WHAT IS EXPECTED: Repeat the whole listing below precisely. Omit all pictures.

RECORDS SUPPLIED:
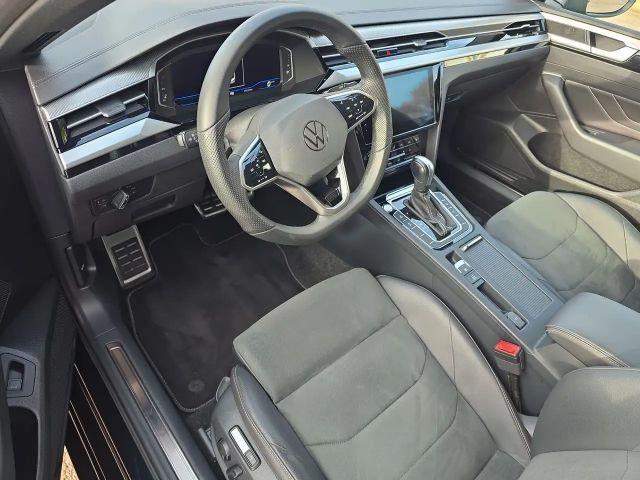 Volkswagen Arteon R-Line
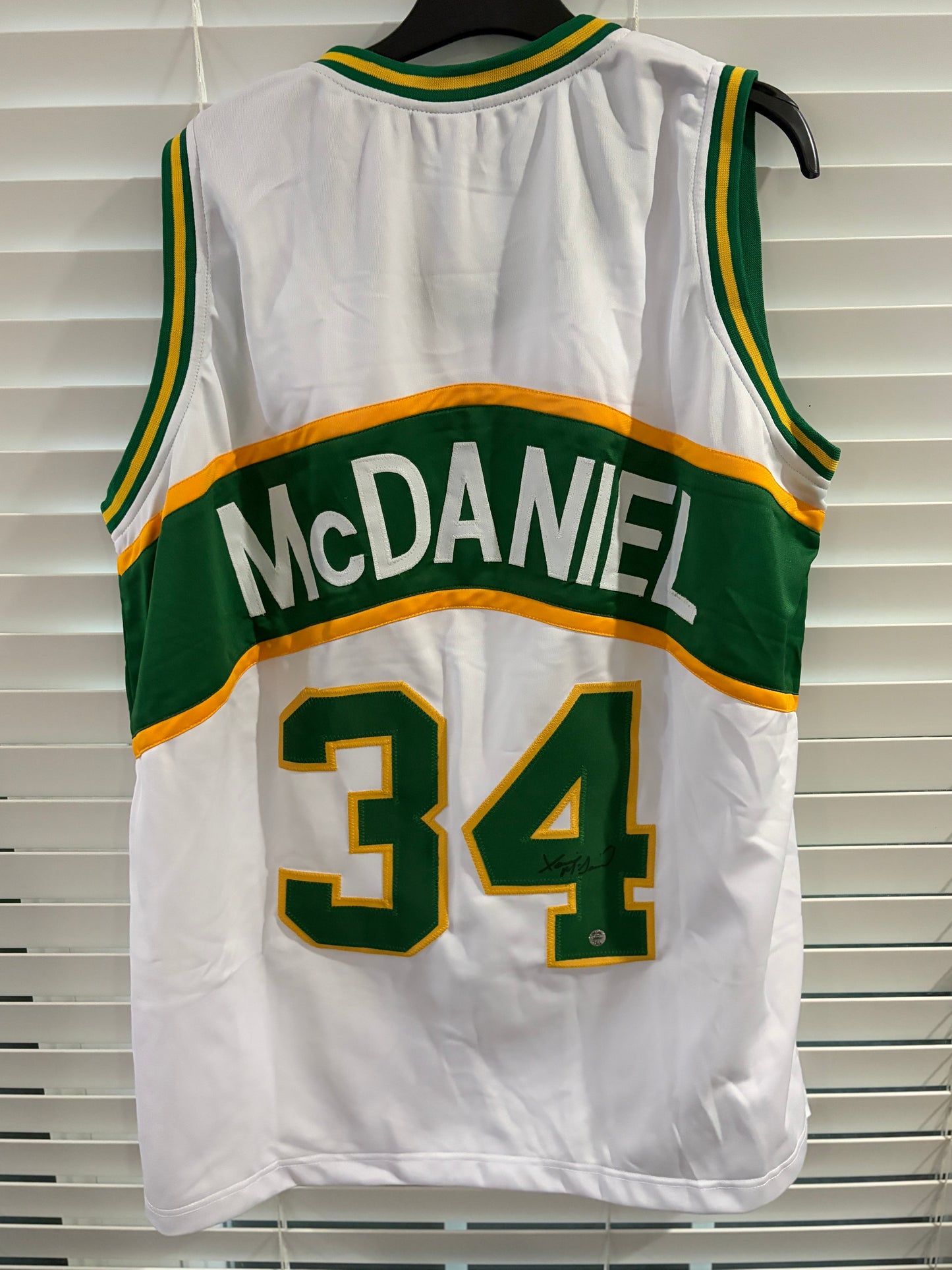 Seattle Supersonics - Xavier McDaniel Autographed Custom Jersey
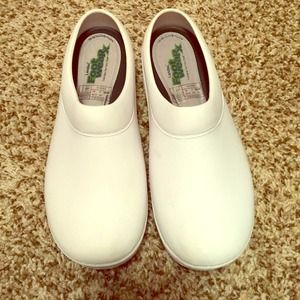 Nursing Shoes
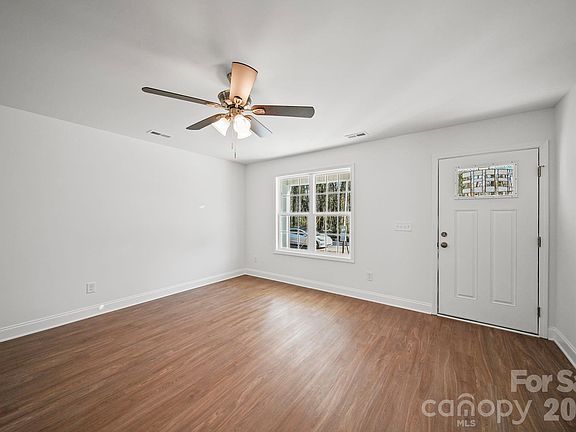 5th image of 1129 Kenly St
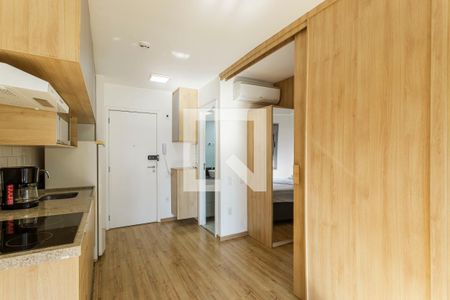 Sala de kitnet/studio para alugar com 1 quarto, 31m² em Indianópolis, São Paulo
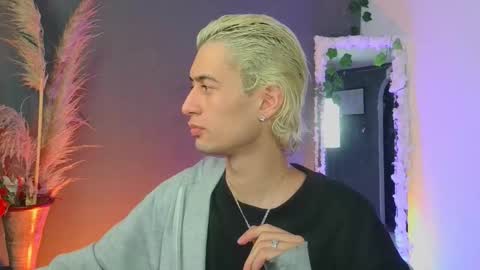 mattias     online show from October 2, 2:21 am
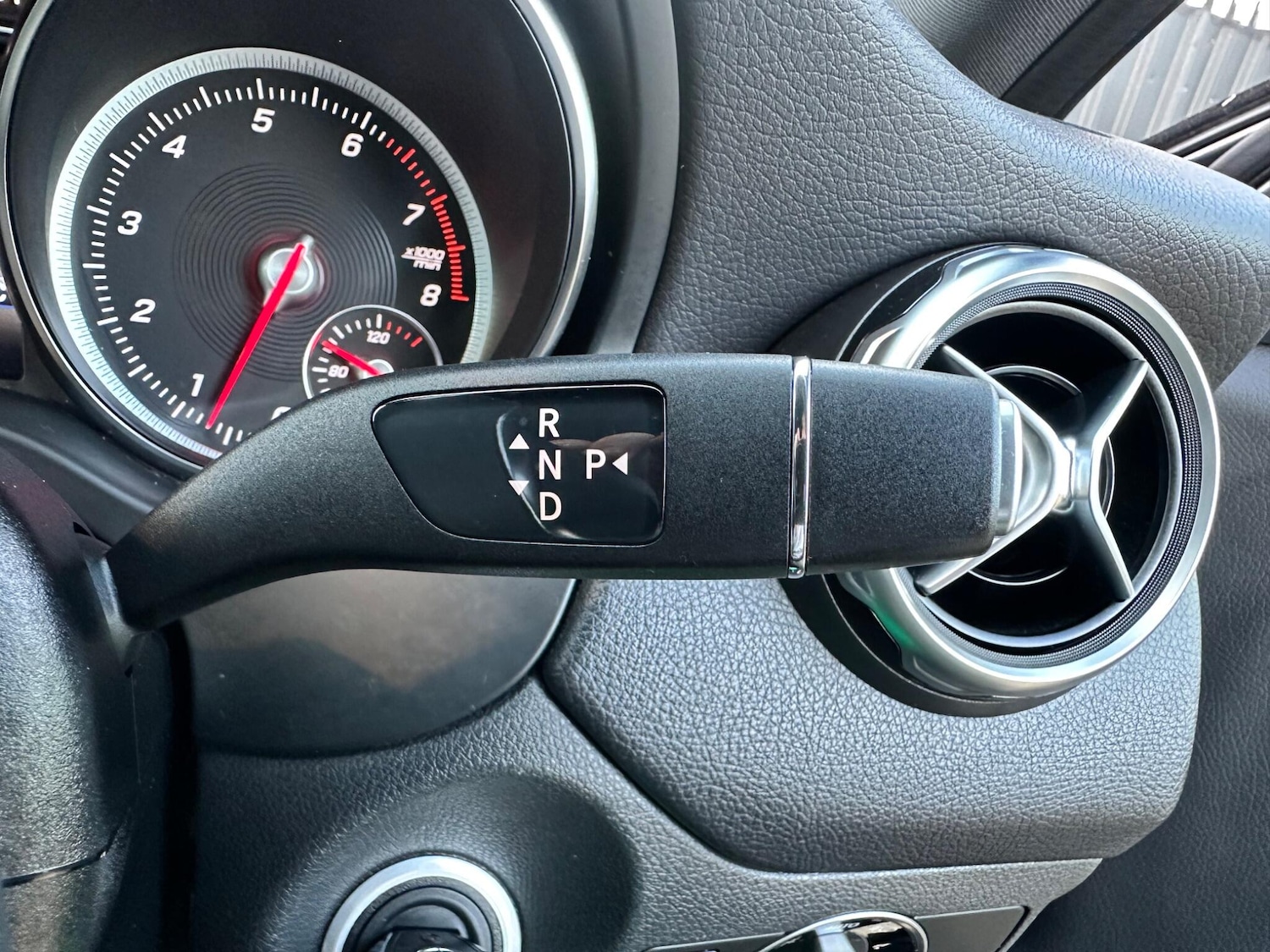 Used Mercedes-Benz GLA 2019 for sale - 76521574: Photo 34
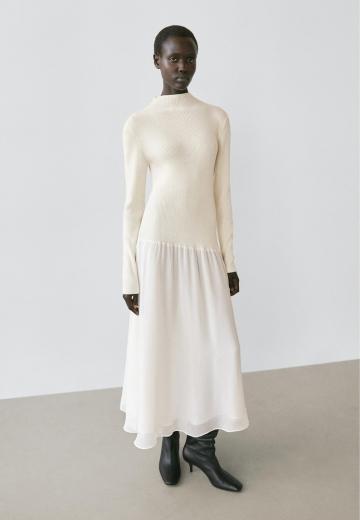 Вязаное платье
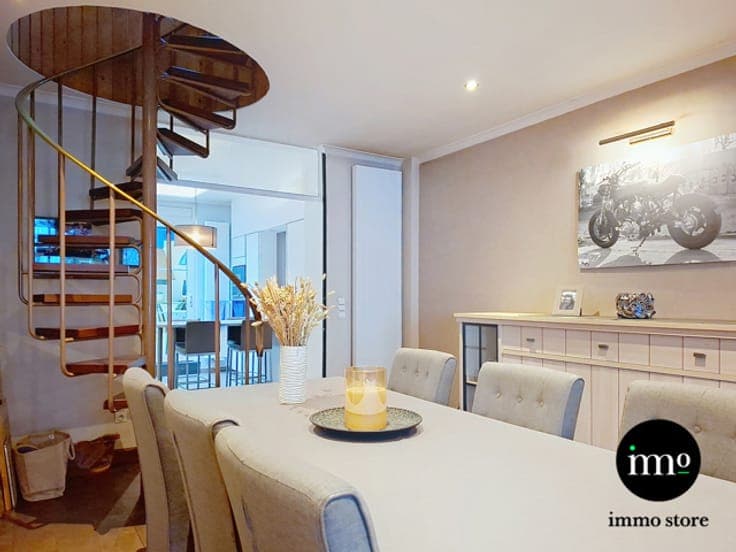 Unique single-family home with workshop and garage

FINAL ANSWER:
 Volkswagen Arteon R-Line
 Seattle Supersonics - Xavier McDaniel Autographed Custom Jersey
 Nursing Shoes
 5th image of 1129 Kenly St
 Sala de kitnet/studio para alugar com 1 quarto, 31m² em Indianópolis, São Paulo
 mattias     online show from October 2, 2:21 am
 Used Mercedes-Benz GLA 2019 for sale - 76521574: Photo 34
 Вязаное платье
 Unique single-family home with workshop and garage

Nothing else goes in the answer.